Introduction to query files

Overview

Queries are programs written with CodeQL. They are designed to highlight issues related to the security, correctness, maintainability, and readability of a code base. You can also write custom queries to find specific issues relevant to your own project. Three important types of query are:

  • Alert queries: queries that highlight issues in specific locations in your code.
  • Path queries: queries that describe the flow of information between a source and a sink in your code.
  • Metric queries: queries that compute statistics for your code.

You can add custom queries to custom query packs to analyze your projects in LGTM, use them to analyze a project using the command-line tools, or you can contribute to the standard CodeQL queries in our open source repository on GitHub.

Note

Only the results generated by alert and path queries are displayed on LGTM. You can display the results generated by metric queries by running them against your project in the query console on LGTM or in QL for Eclipse. You can explore the paths generated by path queries directly in LGTM and the path explorer view in QL for Eclipse.

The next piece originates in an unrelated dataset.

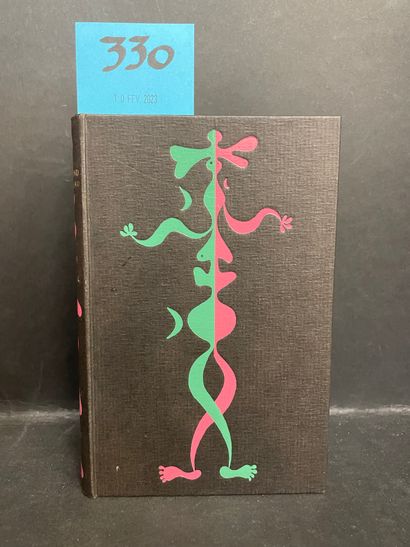 QUENEAU (Raymond). Loin de Rueil. P., NRF, 1944, in-12, publisher's cardboard decorated...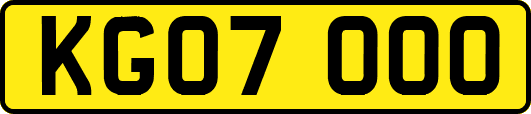 KG07OOO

This topic is a basic introduction to structuring query files. You can find further information on writing queries for specific programming languages here, and detailed technical information about QL in the QL language handbook and the QL language specification. For information on how to format your code when contributing queries to the GitHub repository, see the CodeQL style guide.

Basic query structure

Queries written with CodeQL have the file extension .ql, and contain a select clause. Many of the existing queries include additional optional information, and have the following structure:

/**
 *
 * Query metadata
 *
 */

import /* ... CodeQL libraries or modules ... */

/* ... Optional, define CodeQL classes and predicates ... */

from /* ... variable declarations ... */
where /* ... logical formula ... */
select /* ... expressions ... */

The following sections describe the information that is typically included in a query file for alerts and metrics. Path queries are discussed in more detail in Constructing path queries.

Query metadata

Query metadata is used to identify your custom queries when they are added to the GitHub repository or used in your analysis. Metadata provides information about the query’s purpose, and also specifies how to interpret and display the query results. For a full list of metadata properties, see the query metadata reference. The exact metadata requirement depends on how you are going to run your query:

Note

Queries that are contributed to the open source repository, added to a query pack in LGTM, or used to analyze a project with the QL command-line tools must have a query type (@kind) specified. The @kind property indicates how to interpret and display the results of the query analysis:

  • Alert query metadata must contain @kind problem.
  • Path query metadata must contain @kind path-problem.
  • Metric query metadata must contain @kind metric.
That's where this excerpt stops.